Молодой человек в лисьем тулупчике стоял в покорной позе, сложив кисти рук вместе перед животом и немного согнувшись. Исхудалое, с безнадежным выражением, изуродованное бритою головой молодое лицо его было опущено вниз. При первых словах графа он медленно поднял голову и поглядел снизу на графа, как бы желая что то сказать ему или хоть встретить его взгляд. Но Растопчин не смотрел на него. На длинной тонкой шее молодого человека, как веревка, напружилась и посинела жила за ухом, и вдруг покраснело лицо.
Все глаза были устремлены на него. Он посмотрел на толпу, и, как бы обнадеженный тем выражением, которое он прочел на лицах людей, он печально и робко улыбнулся и, опять опустив голову, поправился ногами на ступеньке.
– Он изменил своему царю и отечеству, он передался Бонапарту, он один из всех русских осрамил имя русского, и от него погибает Москва, – говорил Растопчин ровным, резким голосом; но вдруг быстро взглянул вниз на Верещагина, продолжавшего стоять в той же покорной позе. Как будто взгляд этот взорвал его, он, подняв руку, закричал почти, обращаясь к народу: – Своим судом расправляйтесь с ним! отдаю его вам!
Народ молчал и только все теснее и теснее нажимал друг на друга. Держать друг друга, дышать в этой зараженной духоте, не иметь силы пошевелиться и ждать чего то неизвестного, непонятного и страшного становилось невыносимо. Люди, стоявшие в передних рядах, видевшие и слышавшие все то, что происходило перед ними, все с испуганно широко раскрытыми глазами и разинутыми ртами, напрягая все свои силы, удерживали на своих спинах напор задних.

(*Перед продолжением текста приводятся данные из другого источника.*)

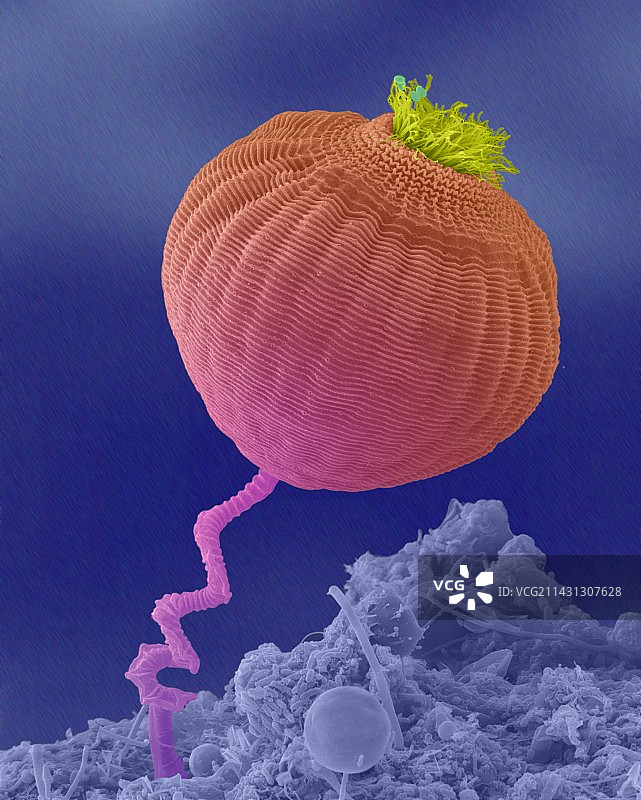 原生动物（钟虫属），扫描电子显微镜图片素材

– Бей его!.. Пускай погибнет изменник и не срамит имя русского! – закричал Растопчин. – Руби! Я приказываю! – Услыхав не слова, но гневные звуки голоса Растопчина, толпа застонала и надвинулась, но опять остановилась.
– Граф!.. – проговорил среди опять наступившей минутной тишины робкий и вместе театральный голос Верещагина. – Граф, один бог над нами… – сказал Верещагин, подняв голову, и опять налилась кровью толстая жила на его тонкой шее, и краска быстро выступила и сбежала с его лица. Он не договорил того, что хотел сказать.

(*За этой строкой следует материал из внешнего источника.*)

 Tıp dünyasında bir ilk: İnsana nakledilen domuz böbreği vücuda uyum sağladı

– Руби его! Я приказываю!.. – прокричал Растопчин, вдруг побледнев так же, как Верещагин.
– Сабли вон! – крикнул офицер драгунам, сам вынимая саблю.
Другая еще сильнейшая волна взмыла по народу, и, добежав до передних рядов, волна эта сдвинула переднии, шатая, поднесла к самым ступеням крыльца. Высокий малый, с окаменелым выражением лица и с остановившейся поднятой рукой, стоял рядом с Верещагиным.
– Руби! – прошептал почти офицер драгунам, и один из солдат вдруг с исказившимся злобой лицом ударил Верещагина тупым палашом по голове.